N.Y. to Require Hospital Translators

ALBANY,
N.Y. — New York will require all hospitals to provide skilled
translators amid fears that family members can be unreliable translators for non-English
speaking patients.

The reliance on friends
and family to translate for patients – a common practice in exam rooms – can
interfere with medical care, advocates say. A well-intentioned niece may
hesitate to share upsetting news, or a patient might not disclose symptoms for
fear of alarming their child. In other cases, information may just get garbled.

"It impedes the
ability for information to flow freely and violates patient confidentiality
laws,"said Adam Gurvitch, director of health advocacy at the New York
Immigration Coalition (Make the Road by
Walking is a leading member of the NYIC
), which pushed for the new
regulations that took effect Wednesday.

Most hospitals will
likely rely on volunteers, bilingual staff and telephone translation agencies
to meet the new rules, he said. There are no state or federal standards for
what qualifies as a"skilled" medical interpreter.

Jeffrey Hammond,
spokesman for the state Health Department, said the regulations will be
enforced through the state’s regular onsite visits and by investigating patient
complaints to the department’s hot line.

Previously, hospitals
were required to provide interpreters for all patients, but the broad wording
allowed them to count children and relatives as translators, Gurvitch said. The
new regulations clarify those terms and requires hospitals to appoint language
coordinators and identify a patient’s primary language on medical records.

Patients could still
choose to use friends or relatives as interpreters, but only after they refused
translators provided by the hospital.

Children under 16 may
not be used, except in emergencies.

Most hospitals — particularly those in cosmopolitan areas — already have practices in place to
prevent the use of family as interpreters, said Bill Van Slyke, spokesman for
the Healthcare Association of New York State, which represents the state’s
hospitals and nursing homes.

The use of telephone
translation agencies in particular is becoming more common, he said.

That is the case at
Albany Medical Center, which as a policy does not use family members or any
untrained interpreters as translators.

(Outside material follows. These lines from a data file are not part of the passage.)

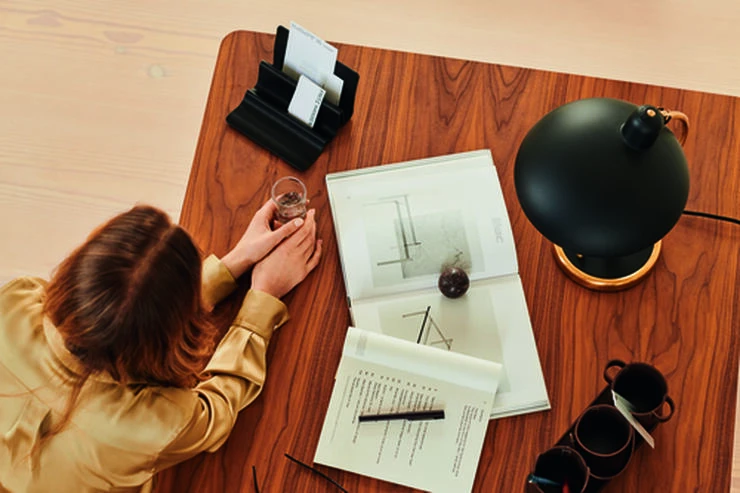 Fritz Hansen Kaiser Idell 6631-T Luxus, Matt Black/brass EU Sort - Billede 3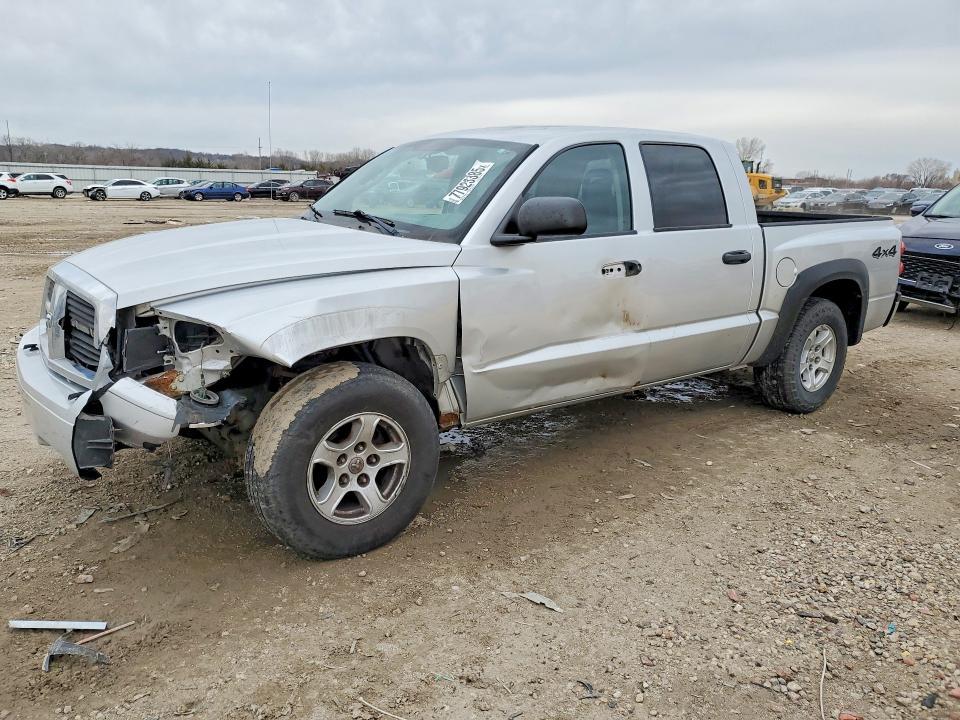2005 Dodge Dakota Quad Laramie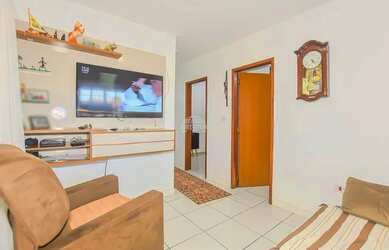 Imagem: A casa possui 3 Dormitórios, 2 Banheiros, 2 Vagas na garagem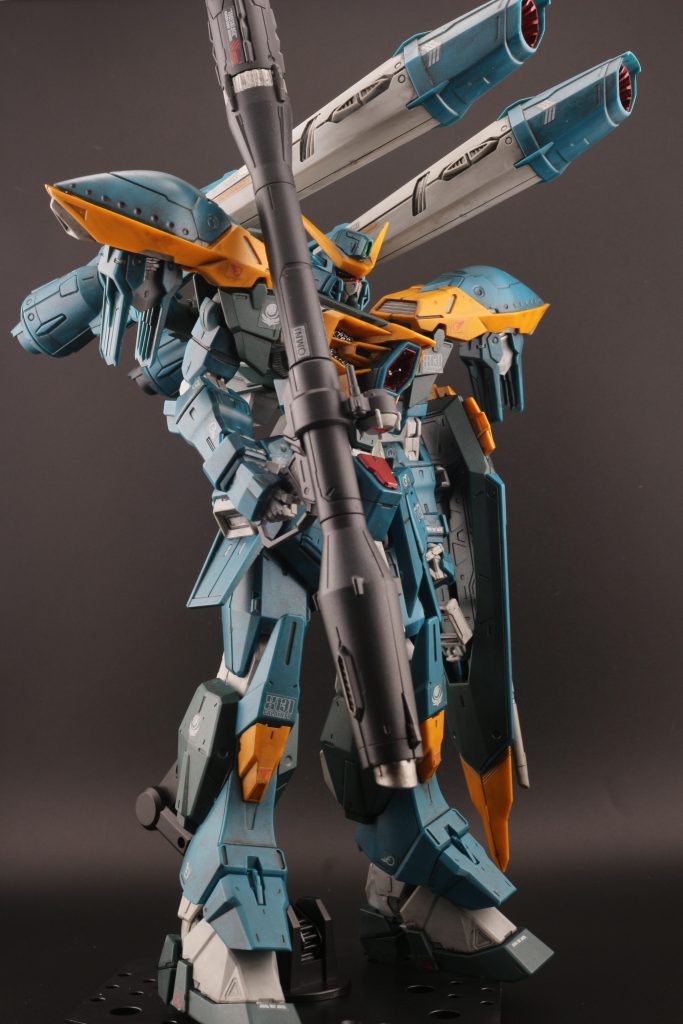 がチアノーツさんの蛍光塗料クリアはなかなか面白い使い方ができ最近のお気に入りです。 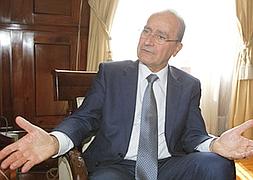 El alcalde de Málaga, en su despacho, durante la entrevista.:: Salvador Salas/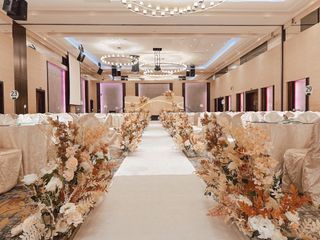 Wedding decoration floral aisle ballroom decor 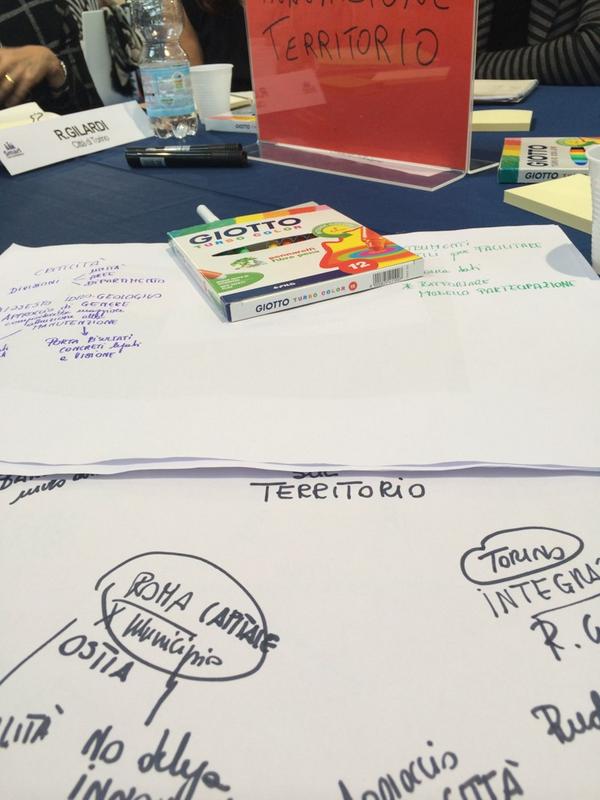 LAMONTEDOC's tweet photo. #SCE2014 #creativityroom per parlare di innovazione e territorio passando per genere e digitale ...ora in svolgimento http://t.co/srzxzLgZRV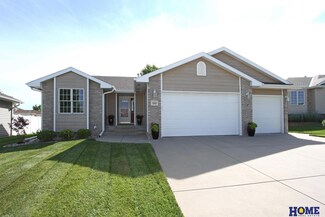 5640 N 18th St, Lincoln, NE 68521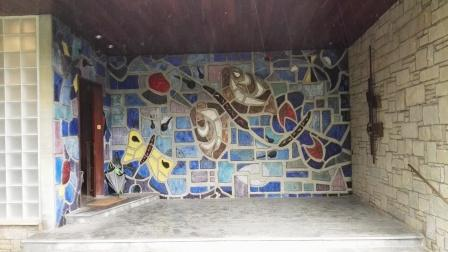 Visita al mural de ceràmica de Ramon Folch, la joia del Museu d’Art d’enguany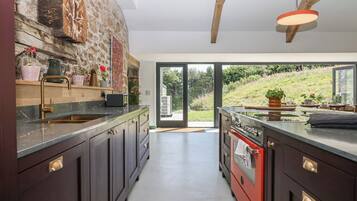 Dishwasher, cookware/dishes/utensils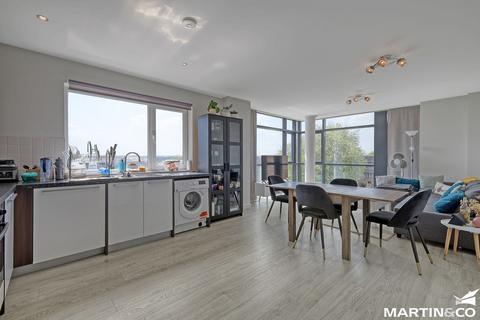 undefined, Wells Crescent, Chelmsford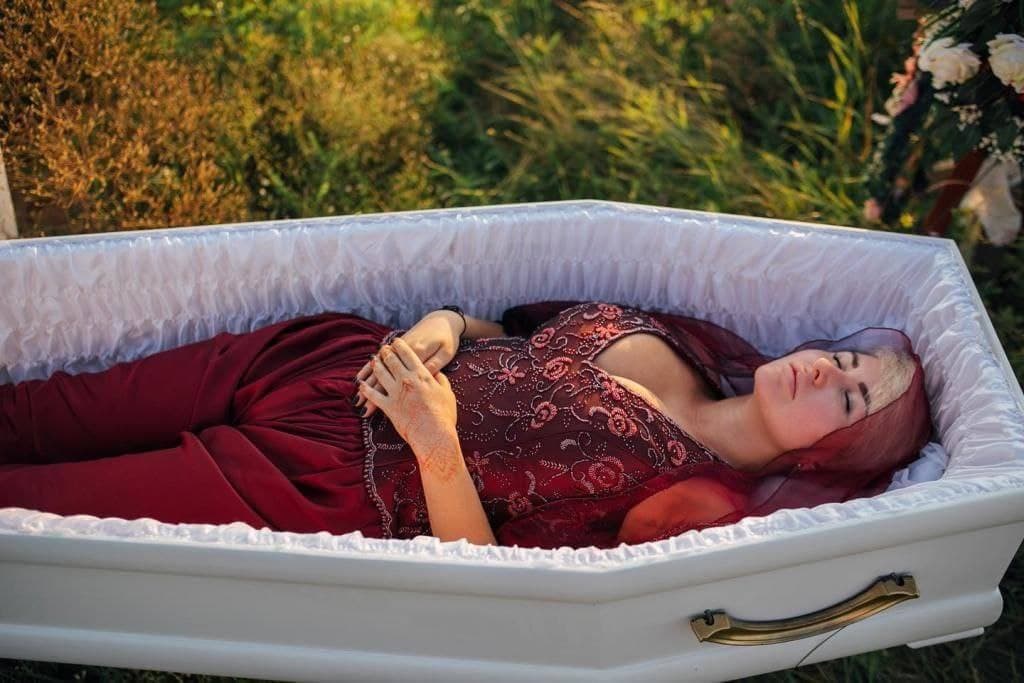 В Днепре представили странную коллекцию одежды для похорон: модели позировали в гробах (фото)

The center instead relies heavily on a
24-hour phone translator service and contracts with an outside agency to
provide face-to-face translations and accommodations for the hearing impaired.

Earlier last year, the
New York Immigration Coalition asked the state to take legal action against
four metropolitan area hospitals for failing to provide interpreters for
emergency patients.

The
advocacy group said it documented dozens of cases where patients who didn’t
speak English faced life-threatening medical crises, including cases of doctors
using cab drivers to interpret vital medical information.